Cecil Armstrong Gibbs (1889-1960)
String Quartet in C, Op.95 (1940)
String Quartet in A minor, Op.8 (1917)
Three Pieces for String Quartet (1927)
String Quartet in E minor (1958)
A Birthday Greeting for Ralph Vaughan Williams (1942)
Atchison Quartet
rec. 2022, St George’s Headstone, Harrow, London
Convivium CR083 [66]
This selection of Armstrong Gibbs’ String Quartets doesn’t include Op.73 which was recorded by the Griller Quartet as long ago as 1933. Gibbs is best-known as a composer of song and for his lighter orchestral music, which is bright and charming, but like most British composers of the time he saw that there was a market for chamber works and particularly Cobbett-era quartets. In later years he seems to have used the quartet as a medium of personal reflection.

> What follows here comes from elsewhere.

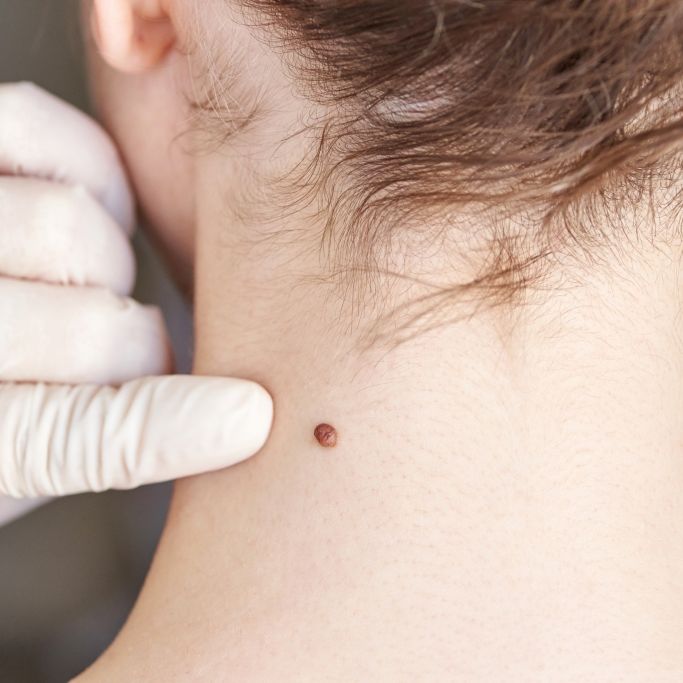 Wie gut schützt das kostenlose Hautkrebs-Screening wirklich?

Gibbs is an awfully agreeable composer but never especially distinctive. The Op.95 Quartet was composed in 1940 and has those elements of flexibility and some folkloric infusions that generate creative contrasts. He also has a yen for antique-sounding cadences. The finale has an extensive pizzicato workout, the delight of which tends to pall through its overuse. Nevertheless, it sums up his compact, very English qualities – a pastel etching of limited ambition.
There’s nothing wrong with limited ambition, of course, it that’s your compositional modus vivendi. The much earlier 1917 Quartet, Op.8 offers a similarly three-movement form – it was the form he favoured – and classical virtues. Gibbs liked Tudor-Elizabethan cadences, something that he perhaps absorbed from his friend Vaughan Williams, and there are examples of that element here. Lyricism is free, notably in the central slow movement, and the pensive start of the finale is dissipated by a vigorous Allegro vivace. The quartet had the good fortune to be dedicated to, and premièred by, the leading British ensemble of the time, the London String Quartet.

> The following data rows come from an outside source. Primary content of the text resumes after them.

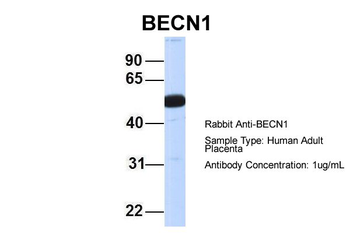 Beclin 1 antibody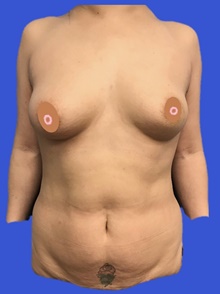 Breast Reconstruction Before Photo by Peter Henderson, MD MBA FACS; New York, NY - Case 45485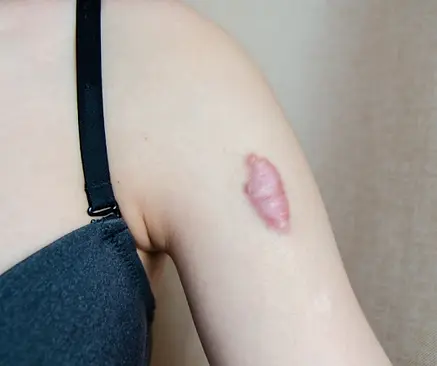 Keloid Treatment in Mumbai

Each of the Three Pieces (1927) carry topographical descriptions and these compressed watercolours – scenic portraits – evoke Blea Tarn, Winster Valley and Loweswater which are all in the Lake District. The central panel is the most urgent and Gibbs ends with an ‘all passion spent’ portrait of Loweswater called ‘Calm after Storm’. All very painterly. In 1942 he wrote A Birthday Greeting for Ralph Vaughan Williams, a rather folksong-like affair with a penchant for the vocal. It only lasts two minutes and VW received it graciously.
This leaves the Quartet in E minor composed in 1958, two years before his death. Both his wife and VW had recently died and this final quartet seems more of an inner journey than a public one, as the notes suggest. Gibbs is never, or very seldom, one to inflict jarring expression on his listeners preferring a more circumscribed landscape in which, as here, moments of heightening and increased intensity stand out for their unusual gravity. Again, there is a Tudor infiltration, perhaps as a final gesture to VW, in the Variations with which the work ends, which also contains a brief reminiscence of Warlock’s Capriol Suite, not inappropriately in its own biting nostalgia. For me the best moments are in the evocation of consort sonorities in this final movement – finely done by the Atchison Quartet – as the work ends in frank though not showy melancholy.
Gibbs is the John Sell Cotman of British composers; always equable, precise, hinting at the antique in places, but a beautiful watercolourist nonetheless. If you’re looking for angst, you’ll need someone else. The Atchison Quartet play these works with awareness of his circumscribed ambition and have been well recorded. Nicholas Riddle mounts a good defence of his music in the notes.